> Work to be completed:
Go through the data and copy every line exactly, but not the images.

-------- Study material --------

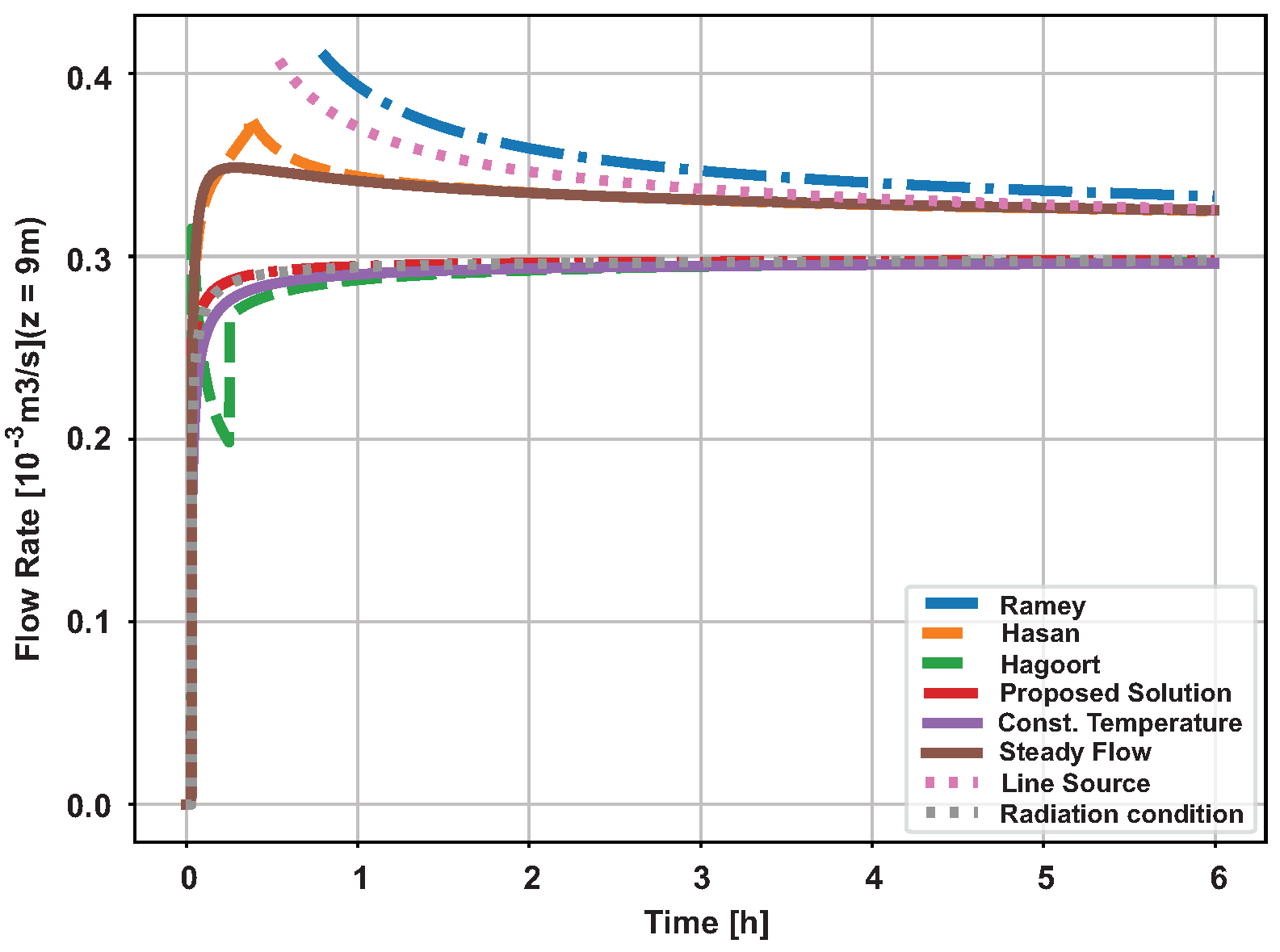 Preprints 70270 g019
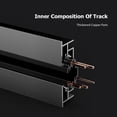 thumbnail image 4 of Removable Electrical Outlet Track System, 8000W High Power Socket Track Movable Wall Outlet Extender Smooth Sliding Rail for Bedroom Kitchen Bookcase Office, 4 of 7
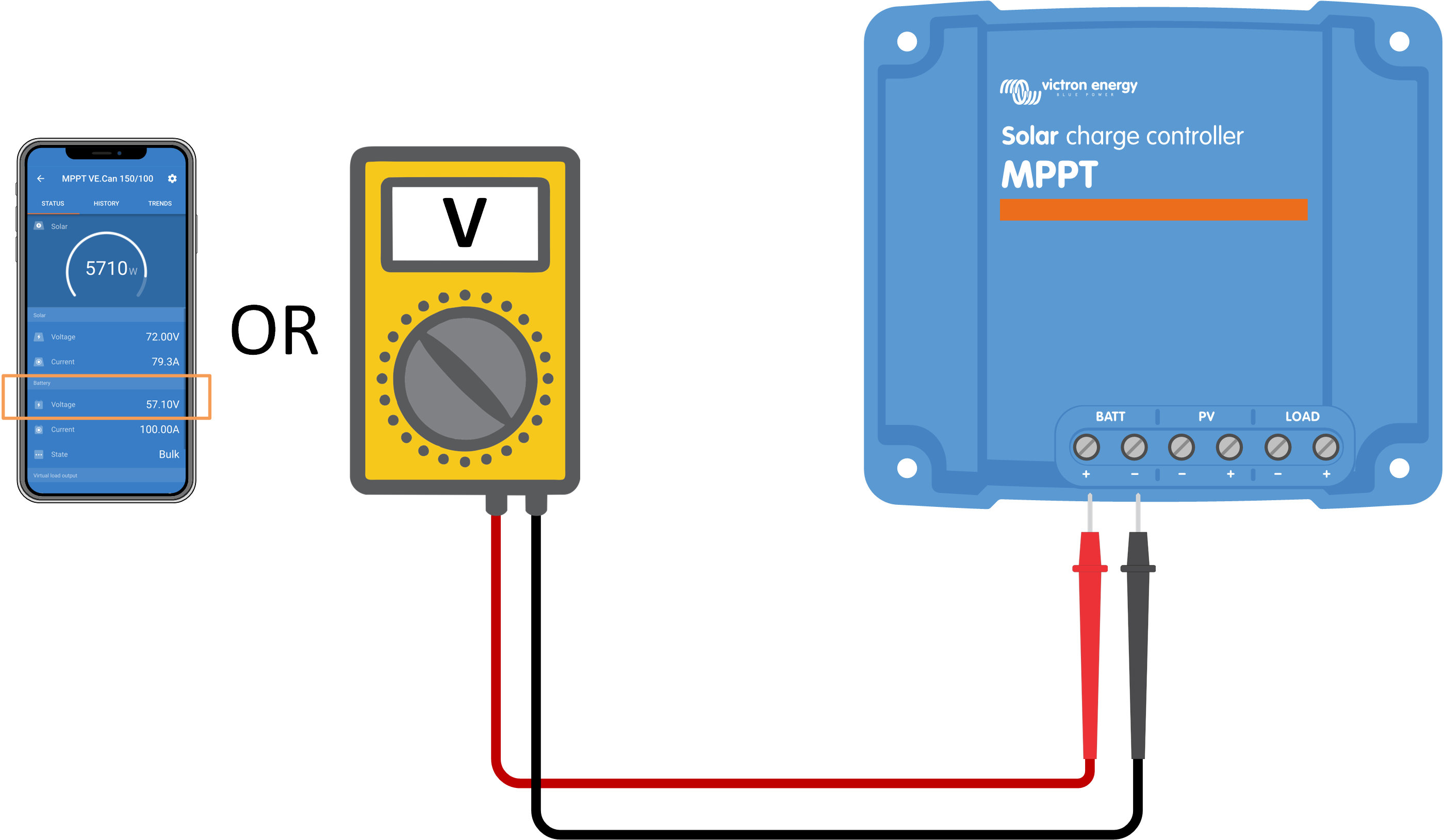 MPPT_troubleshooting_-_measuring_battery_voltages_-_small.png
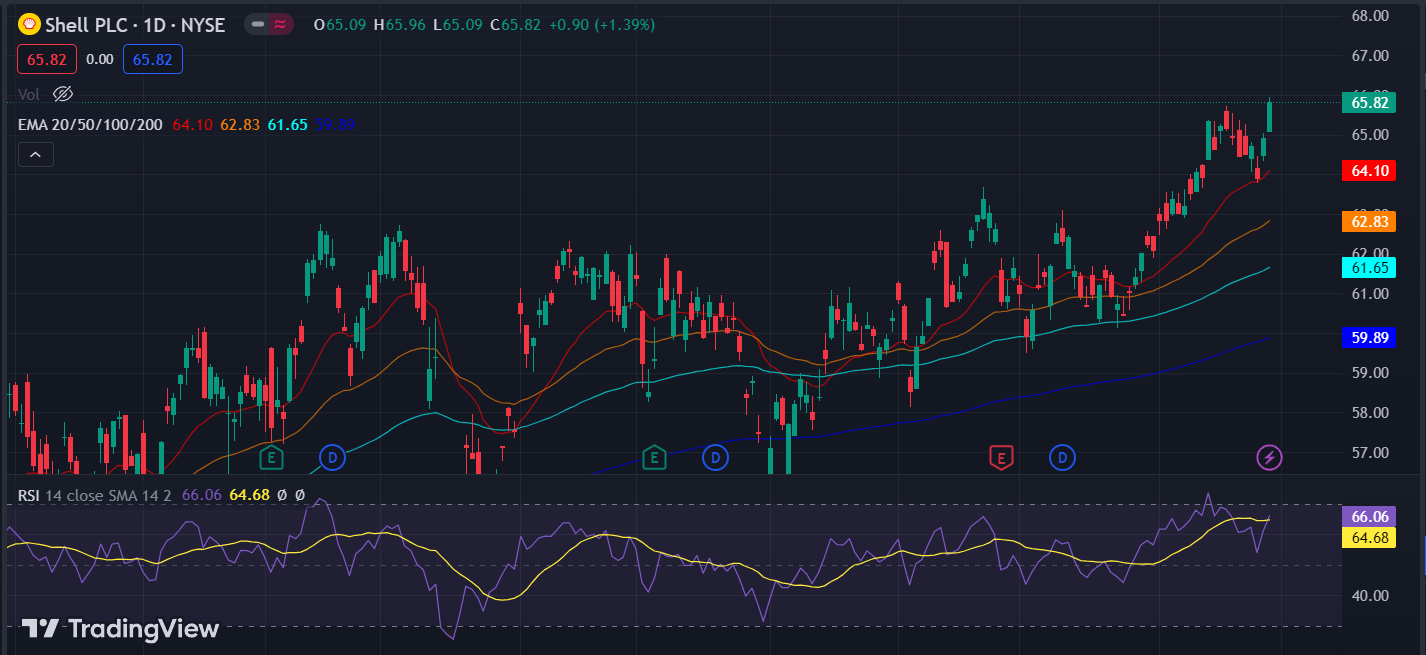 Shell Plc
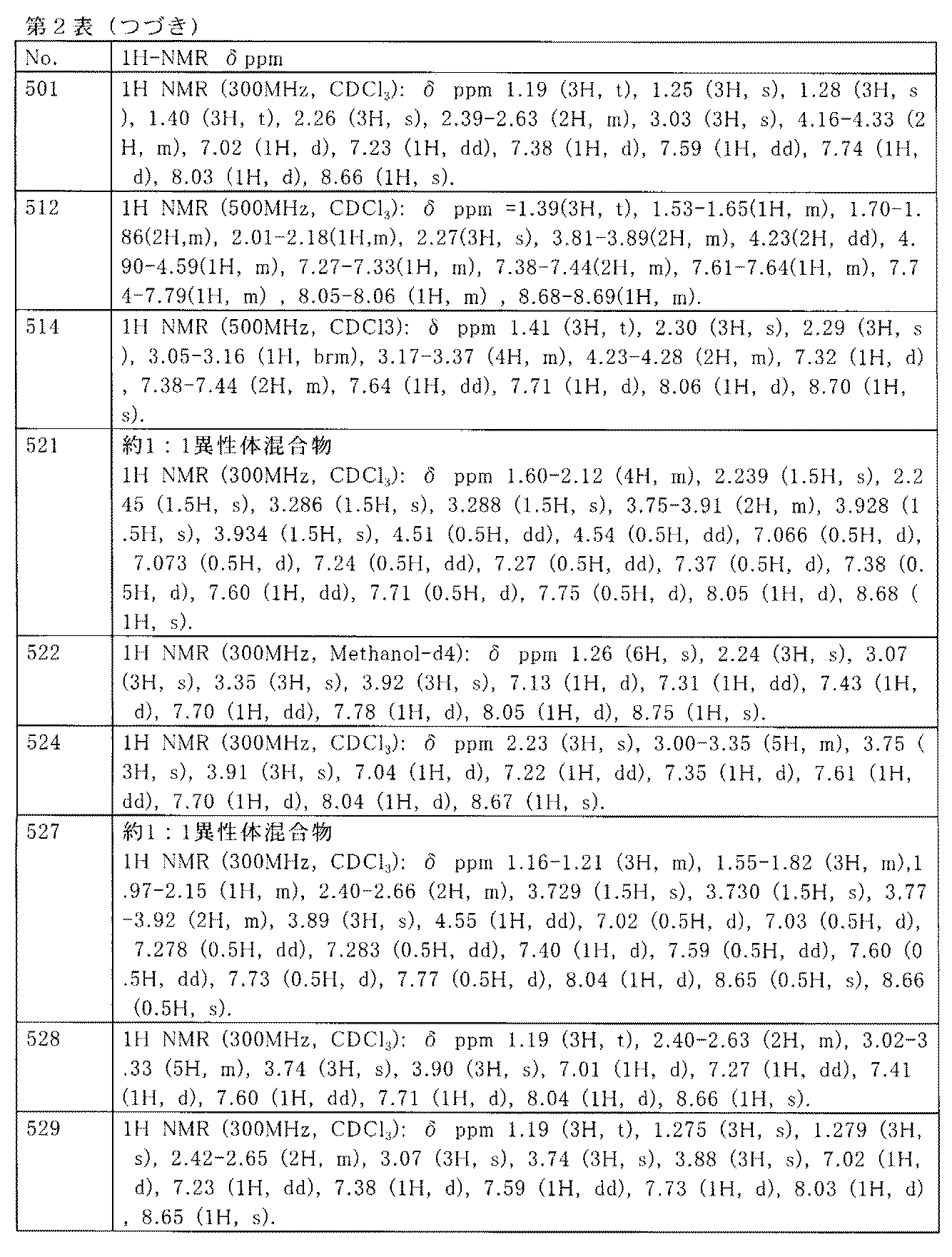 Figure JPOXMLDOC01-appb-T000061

--------

> Response to this task:
 Preprints 70270 g019
 thumbnail image 4 of Removable Electrical Outlet Track System, 8000W High Power Socket Track Movable Wall Outlet Extender Smooth Sliding Rail for Bedroom Kitchen Bookcase Office, 4 of 7
 MPPT_troubleshooting_-_measuring_battery_voltages_-_small.png
 Shell Plc
 Figure JPOXMLDOC01-appb-T000061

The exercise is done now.